● **EXERCISE PROMPT**
With both ends included, transcribe exactly the records below from their first line to the line that contains "Junrong Fashionable Hotel".

● **DATA RECORDS**
**********
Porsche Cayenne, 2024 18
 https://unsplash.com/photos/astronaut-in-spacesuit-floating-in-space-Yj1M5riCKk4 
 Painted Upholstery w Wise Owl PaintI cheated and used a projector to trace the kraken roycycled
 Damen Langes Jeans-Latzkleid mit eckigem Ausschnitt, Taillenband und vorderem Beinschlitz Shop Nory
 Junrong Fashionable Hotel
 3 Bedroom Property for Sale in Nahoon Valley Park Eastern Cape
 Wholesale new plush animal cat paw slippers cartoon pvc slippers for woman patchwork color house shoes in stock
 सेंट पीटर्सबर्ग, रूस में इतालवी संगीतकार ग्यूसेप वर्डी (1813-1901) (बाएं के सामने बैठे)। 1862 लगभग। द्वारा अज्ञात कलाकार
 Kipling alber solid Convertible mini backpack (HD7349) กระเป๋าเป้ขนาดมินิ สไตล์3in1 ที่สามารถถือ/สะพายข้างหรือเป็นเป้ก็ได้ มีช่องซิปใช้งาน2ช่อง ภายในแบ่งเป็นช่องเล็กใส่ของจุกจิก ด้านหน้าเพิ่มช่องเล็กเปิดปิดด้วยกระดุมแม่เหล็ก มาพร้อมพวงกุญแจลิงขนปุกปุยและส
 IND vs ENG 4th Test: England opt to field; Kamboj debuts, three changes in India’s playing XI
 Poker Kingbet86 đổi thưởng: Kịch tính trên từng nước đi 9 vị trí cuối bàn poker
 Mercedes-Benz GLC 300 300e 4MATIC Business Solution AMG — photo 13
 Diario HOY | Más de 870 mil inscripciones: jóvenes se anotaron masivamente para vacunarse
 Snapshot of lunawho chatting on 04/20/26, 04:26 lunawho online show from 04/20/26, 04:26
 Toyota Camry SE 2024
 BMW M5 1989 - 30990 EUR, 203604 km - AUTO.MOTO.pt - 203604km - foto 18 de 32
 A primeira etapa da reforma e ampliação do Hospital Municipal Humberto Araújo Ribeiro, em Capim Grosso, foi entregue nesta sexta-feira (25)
**********
● **REPLY**
Porsche Cayenne, 2024 18
 https://unsplash.com/photos/astronaut-in-spacesuit-floating-in-space-Yj1M5riCKk4 
 Painted Upholstery w Wise Owl PaintI cheated and used a projector to trace the kraken roycycled
 Damen Langes Jeans-Latzkleid mit eckigem Ausschnitt, Taillenband und vorderem Beinschlitz Shop Nory
 Junrong Fashionable Hotel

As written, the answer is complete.